* [EXERCISE REQUIREMENTS] From the material below, please set down exactly the lines starting with the one with "Deux tasses, un" and going on through the one with "10 Taber St, Unit", without a single picture.

─── PROVIDED MATERIAL ───

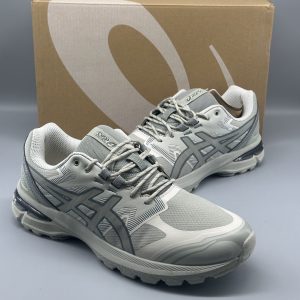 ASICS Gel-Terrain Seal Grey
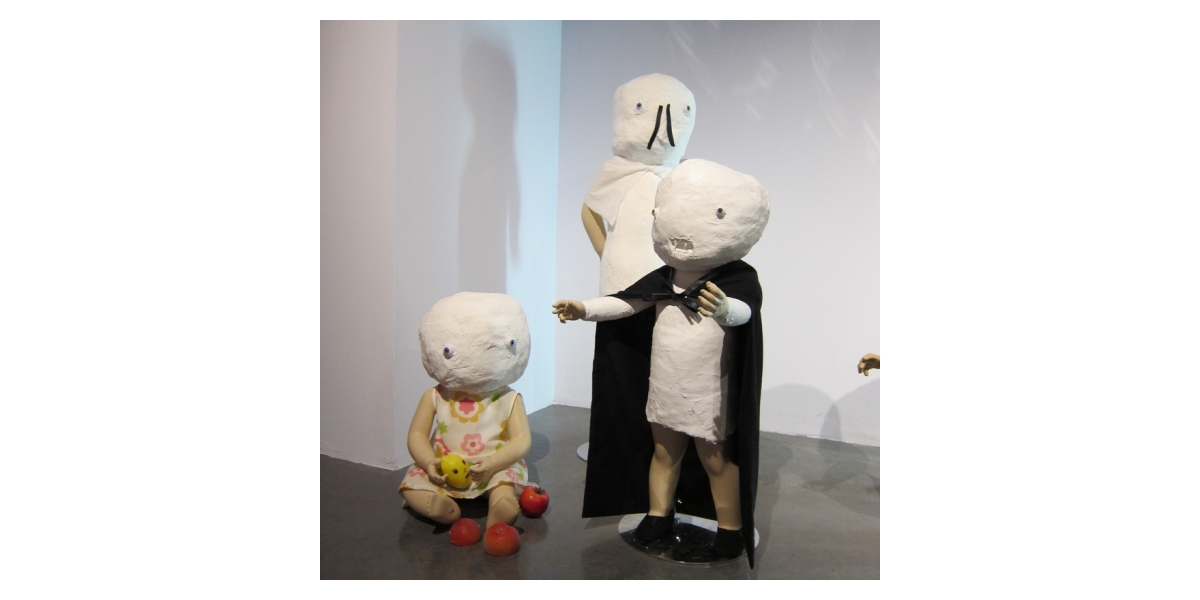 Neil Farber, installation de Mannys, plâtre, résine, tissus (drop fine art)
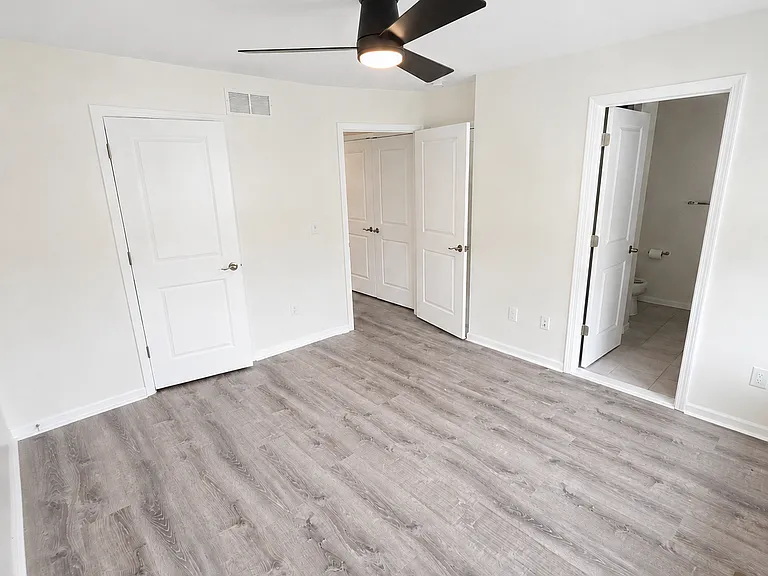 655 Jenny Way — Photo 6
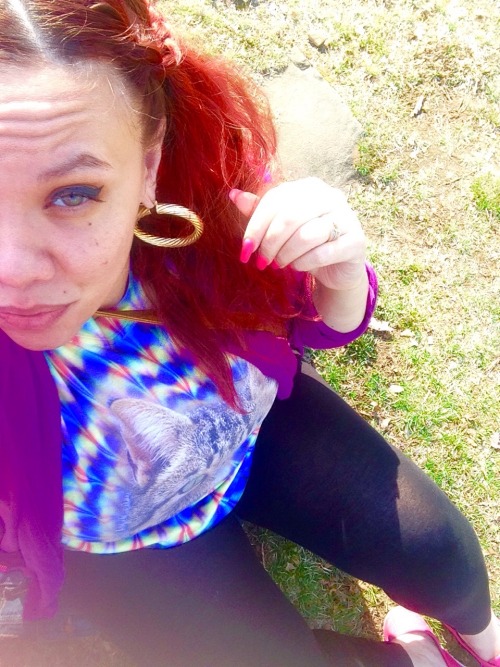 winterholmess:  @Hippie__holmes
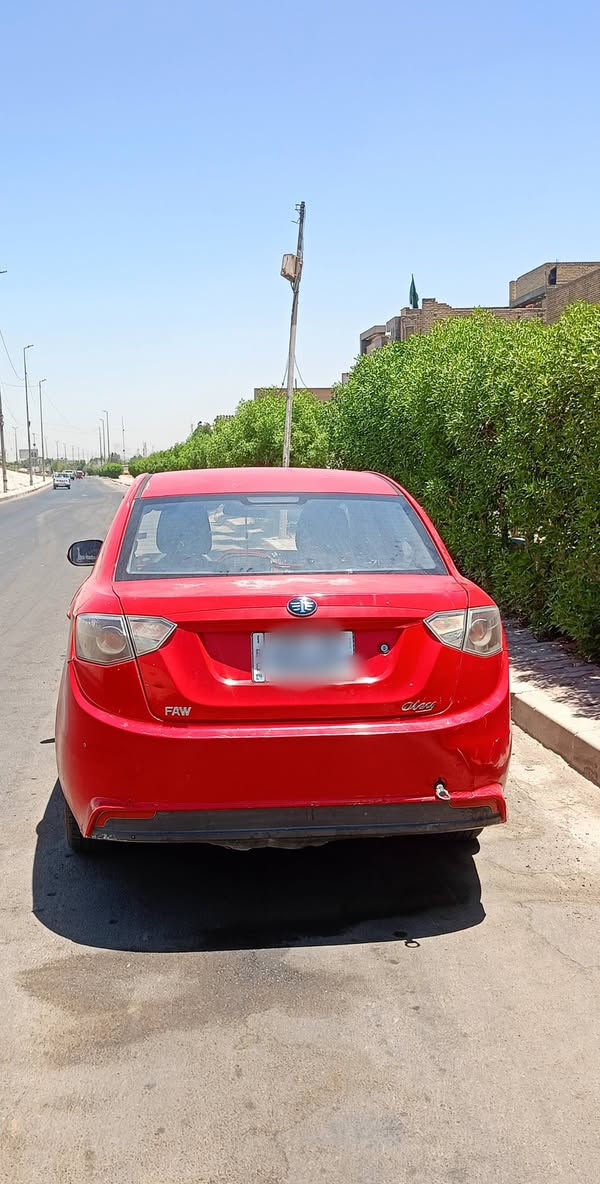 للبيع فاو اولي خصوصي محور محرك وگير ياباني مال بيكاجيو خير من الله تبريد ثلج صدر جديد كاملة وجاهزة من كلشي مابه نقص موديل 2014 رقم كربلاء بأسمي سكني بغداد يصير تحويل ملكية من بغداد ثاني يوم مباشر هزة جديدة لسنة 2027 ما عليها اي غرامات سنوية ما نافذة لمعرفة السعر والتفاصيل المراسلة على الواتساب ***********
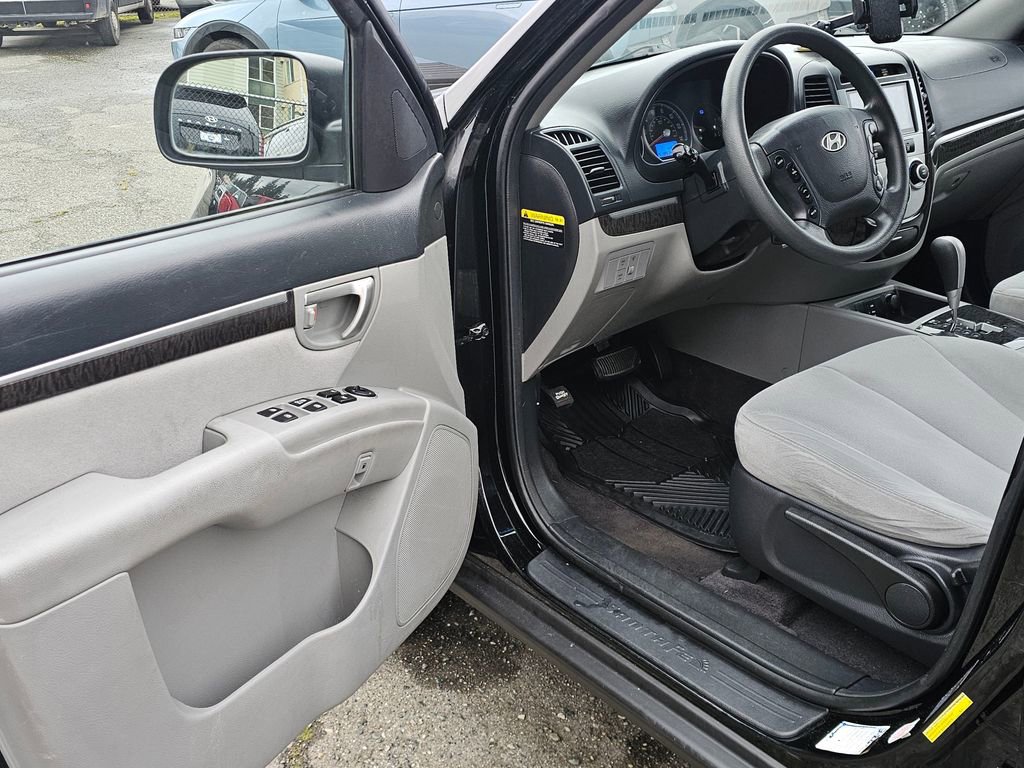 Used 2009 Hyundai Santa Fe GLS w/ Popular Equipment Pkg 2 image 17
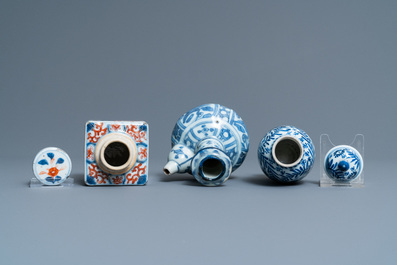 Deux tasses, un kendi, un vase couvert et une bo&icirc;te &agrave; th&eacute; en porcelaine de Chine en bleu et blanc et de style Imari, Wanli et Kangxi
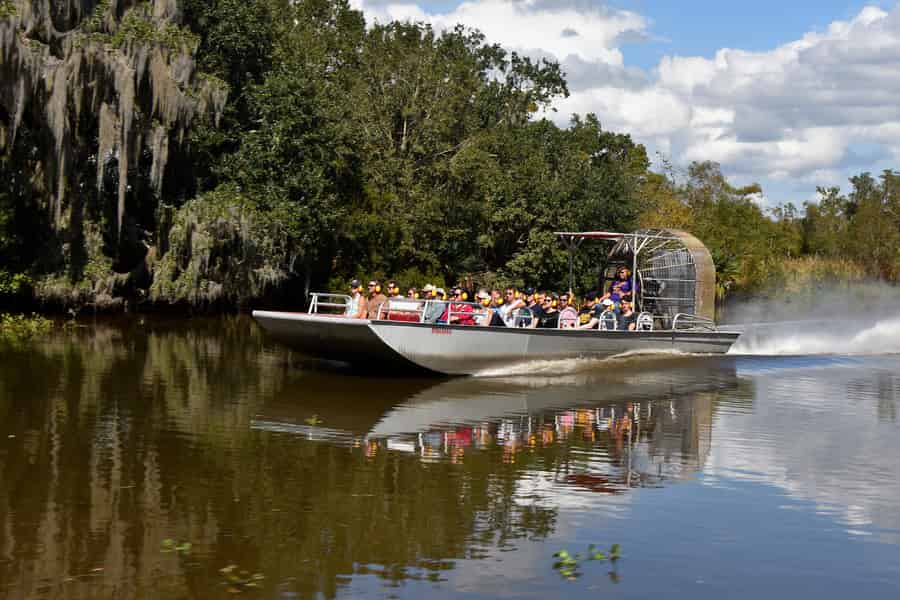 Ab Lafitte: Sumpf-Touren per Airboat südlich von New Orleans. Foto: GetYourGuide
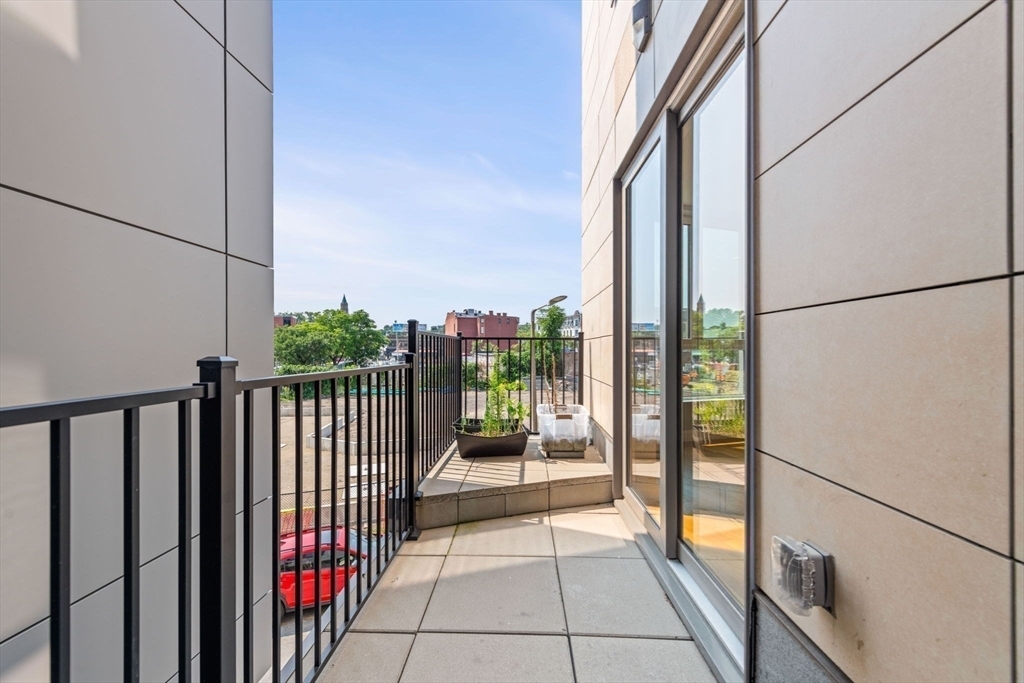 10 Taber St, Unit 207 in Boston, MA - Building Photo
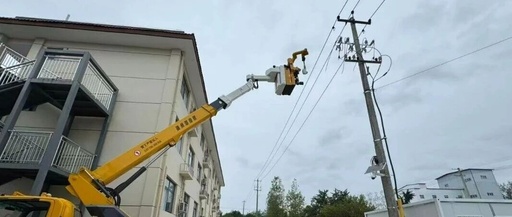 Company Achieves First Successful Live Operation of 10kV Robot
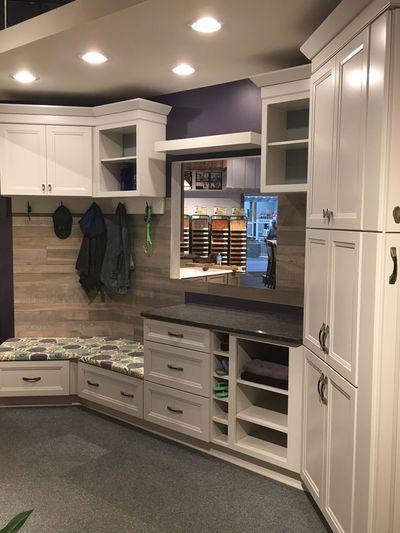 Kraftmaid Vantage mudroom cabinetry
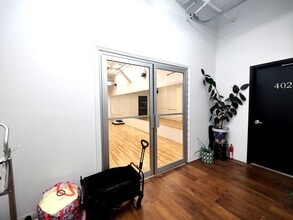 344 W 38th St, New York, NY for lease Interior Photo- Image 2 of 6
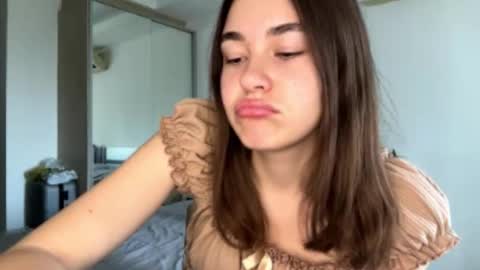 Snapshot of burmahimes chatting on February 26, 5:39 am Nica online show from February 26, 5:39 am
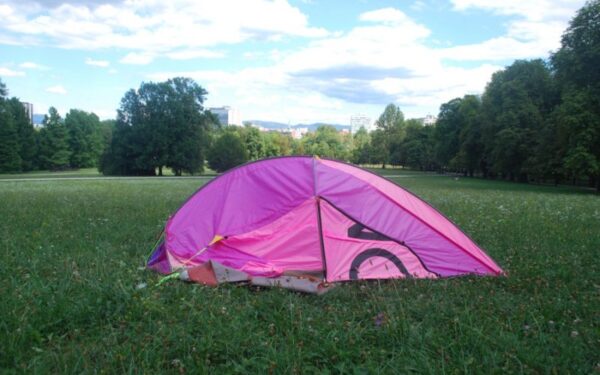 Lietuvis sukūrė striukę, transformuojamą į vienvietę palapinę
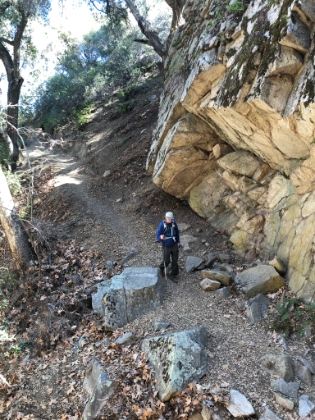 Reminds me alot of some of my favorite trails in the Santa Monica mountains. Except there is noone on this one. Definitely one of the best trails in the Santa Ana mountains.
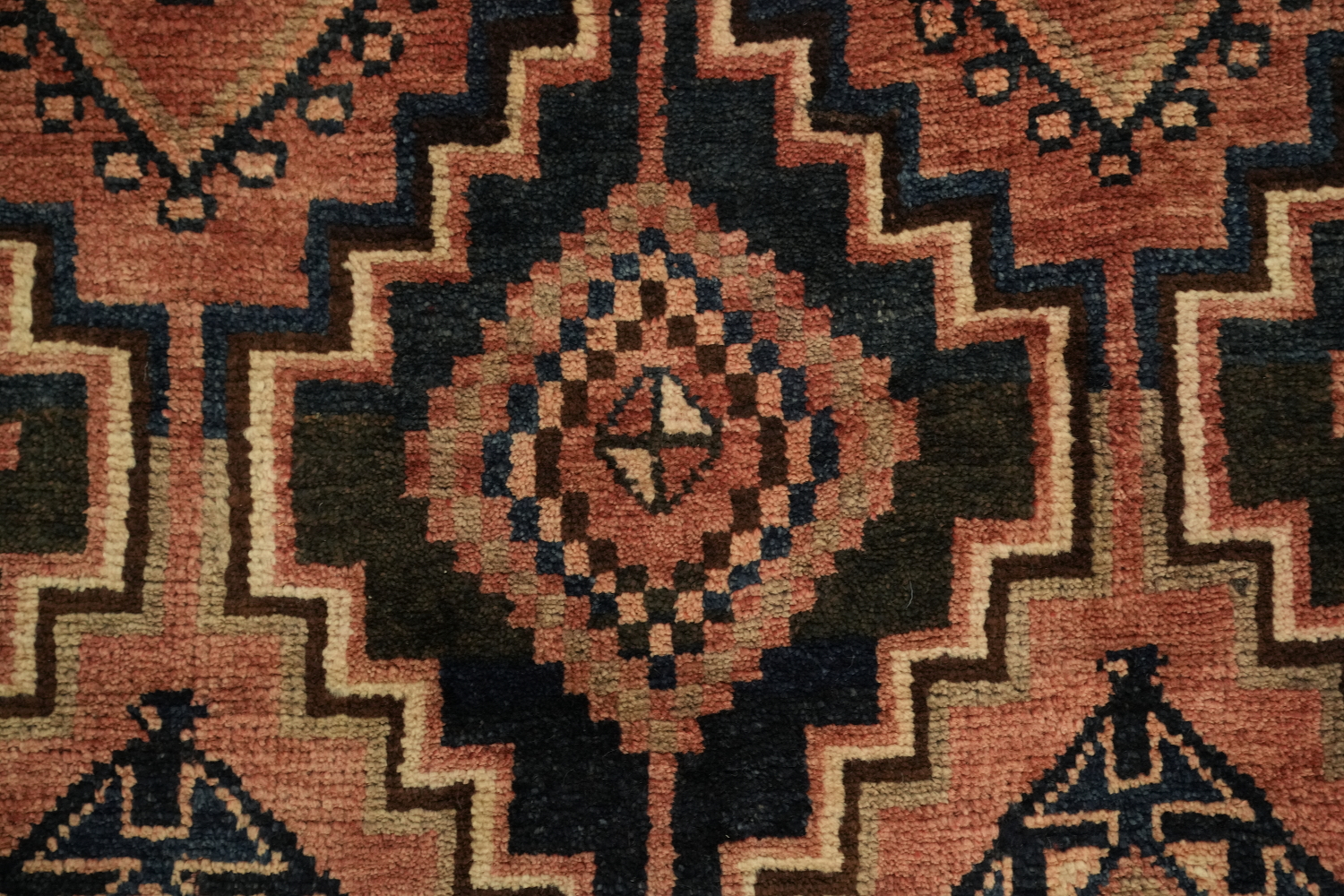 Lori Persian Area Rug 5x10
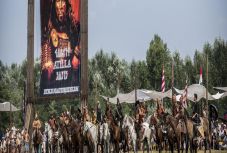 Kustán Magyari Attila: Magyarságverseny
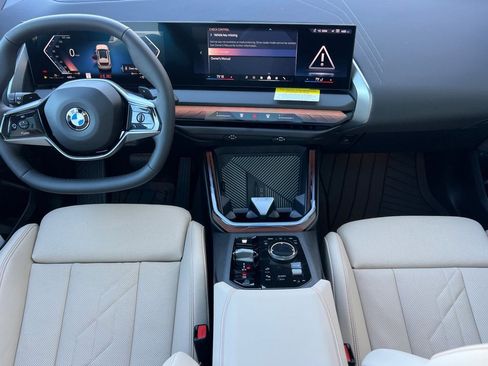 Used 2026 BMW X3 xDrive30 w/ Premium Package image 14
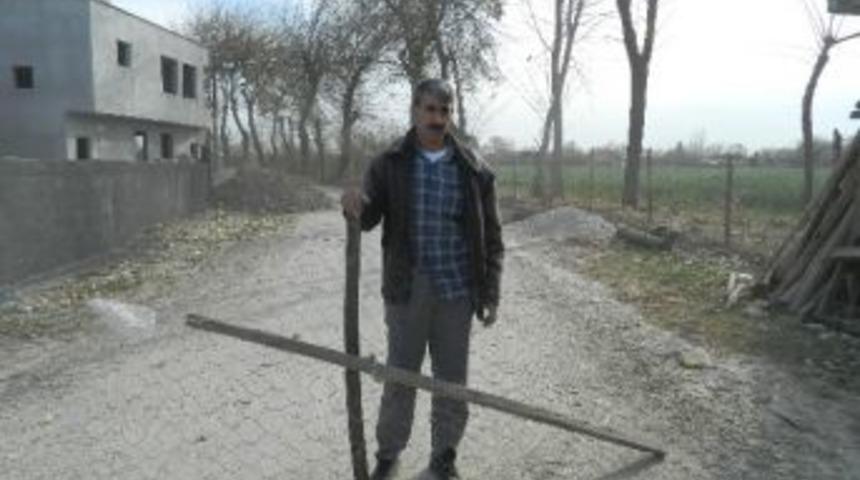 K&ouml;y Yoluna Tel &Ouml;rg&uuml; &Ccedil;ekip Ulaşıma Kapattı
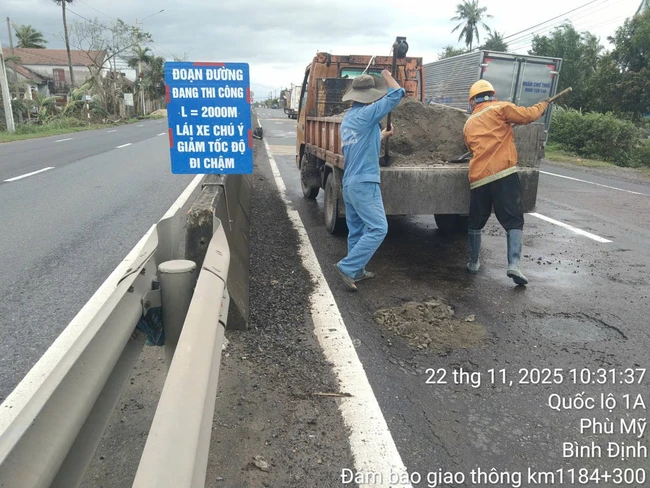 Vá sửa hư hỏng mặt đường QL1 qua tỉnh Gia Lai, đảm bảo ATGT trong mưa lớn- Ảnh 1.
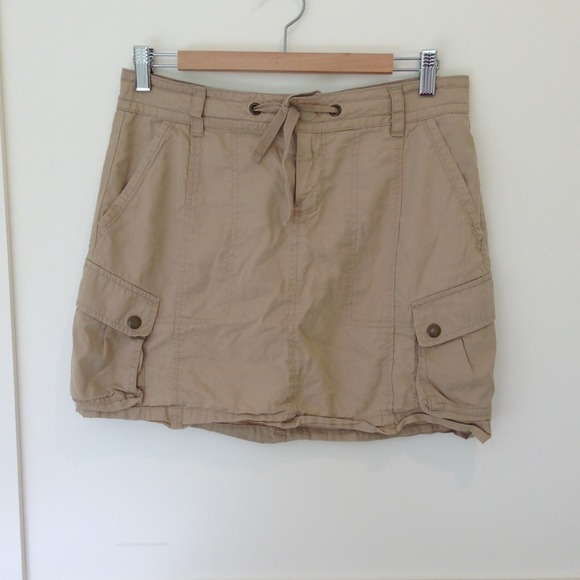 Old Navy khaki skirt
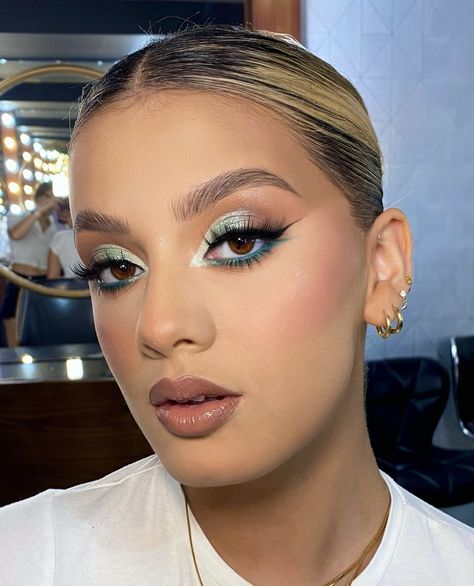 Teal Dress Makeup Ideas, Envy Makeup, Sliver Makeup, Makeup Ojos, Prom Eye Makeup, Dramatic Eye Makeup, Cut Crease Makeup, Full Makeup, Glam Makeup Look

───

* [SOLVED PROBLEM]
 Deux tasses, un kendi, un vase couvert et une bo&icirc;te &agrave; th&eacute; en porcelaine de Chine en bleu et blanc et de style Imari, Wanli et Kangxi
 Ab Lafitte: Sumpf-Touren per Airboat südlich von New Orleans. Foto: GetYourGuide
 10 Taber St, Unit 207 in Boston, MA - Building Photo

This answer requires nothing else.